The to and fro of tumour spread

Nature volume 493, pages 487488 (24 January 2013) | Download Citation

Two studies shed light on the role of cellular transitions between the epithelial and mesenchymal states during cancer metastasis, and provide food for thought as to which cellular processes should be targeted in cancer treatment.

The spread of cells from the primary site of a solid tumour to distant sites remains the major cause of disease and death associated with these cancers. For tumour cells to spread, or metastasize, they must modify their 'anchored' state and detach from their neighbouring cells; migrate through tissues into the blood and lymph systems; survive in these circulation systems; and then leave the vessels at an appropriate site to form another tumour1. Many of these events are favoured by conversions between two cellular states — the epithelial and mesenchymal phenotypes. But the role of these transitions in cancer metastasis is controversial. Writing in Cancer Cell, Tsai et al.2 and Ocaña et al.3 help to clarify this issue.

Most cancers in adults are carcinomas, which arise from abnormal growth of epithelial cells that line the surfaces and cavities of organs such as the breasts, colon, lungs and liver. Epithelial cells are fully differentiated and non-mobile, whereas mesenchymal cells migrate easily. In the developing embryo, a process called the epithelial–mesenchymal transition (EMT) allows epithelial cells to take on mesenchymal-cell characteristics and move sites, after which they revert back to an epithelial phenotype through the mesenchymal–epithelial transition (MET), and continue to form body structures. EMT is also involved in metastasis, but whether it is an absolute requirement is controversial, in part because metastatic tumours display an epithelial phenotype and lack mesenchymal markers4.

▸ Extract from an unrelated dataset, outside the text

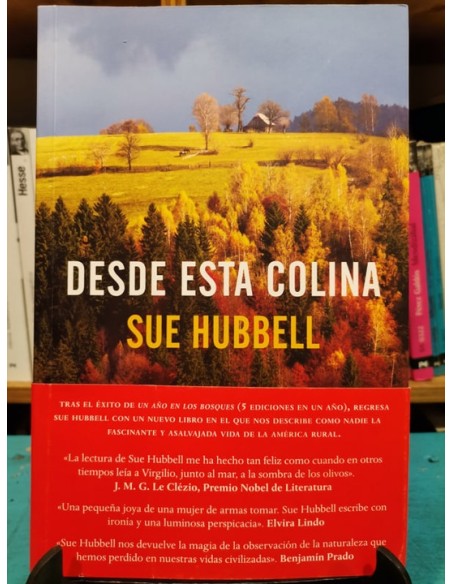Desde esta colina (Usado) Desde esta colina (Usado)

We have coined the term epithelial–mesenchymal plasticity for the dynamic interchange between epithelial and mesenchymal phenotypes5. Ten years ago, it was hypothesized that tumour cells that had undergone EMT and disseminated would then go through MET to successfully colonize a secondary site and form a metastatic tumour6; and preliminary evidence for MET has been reported in cancers of the colon, breast, bladder and prostate7. Although the abundance of studies on EMT still dwarfs those on MET, it is emerging as a crucial and possibly rate-limiting step in metastasis, and this is supported by the two new papers.

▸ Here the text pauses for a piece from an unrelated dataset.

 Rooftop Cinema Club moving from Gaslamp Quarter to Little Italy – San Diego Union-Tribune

Previous work has shown that the EMT-inducing transcription-factor protein Twist1 is essential for spontaneous metastasis in a mouse model of mammary cancer8. Tsai and co-workers have built on these findings using a mouse model of squamous-cell carcinoma in which Twist1 expression can be turned on and off. The authors found that Twist1 induces EMT and tumour-cell transit into the bloodstream (Fig. 1), but that metastases did not form if the cancer cells could not switch Twist1 off after disseminating. This suggests that halting EMT, and thereby allowing MET, is required for completion of the metastatic process.

Figure 1: Cellular transitions in cancer metastasis.
Figure 1

Dissemination of cells from a primary solid tumour is facilitated by the epithelial–mesenchymal transition (EMT). This process allows epithelial tumour cells (carcinoma cells), which are fully differentiated and non-mobile, to acquire the more invasive characteristics of mesenchymal cells. Tsai et al.2 show that EMT is induced by a transcription factor called Twist1, and that Twist1 expression also increases the number of metastable cells, which express both epithelial and mesenchymal characteristics, in the bloodstream of mice. However, the authors found that sustained Twist1 expression prevents the formation of secondary tumours, possibly by preventing the cells from undergoing the mesenchymal–epithelial transistion (MET) that is needed for them to revert to the epithelial state and form metastases. Ocaña et al.3 characterize another EMT-inducing transcription factor, Prrx1, and show that MET can be achieved with Prrx1 suppression, even during continued Twist1 expression.

Ocaña et al. have characterized a new EMT-inducing transcription factor, Prrx1, that they show drives EMT during embryonic development in chicks. The authors also show that, similarly to other embryonic EMT-driving factors, Prrx1 seems to play a part in the invasive, migratory phenotype of breast carcinoma cells undergoing metastasis. Moreover, the authors found that forced, continuous expression of Prrx1 blocked the capacity of otherwise metastasis-competent cells to produce metastatic tumours, and that Prrx1 suppression is needed for MET to proceed — consistent with Tsai and colleagues' observations for Twist1 (Fig. 1).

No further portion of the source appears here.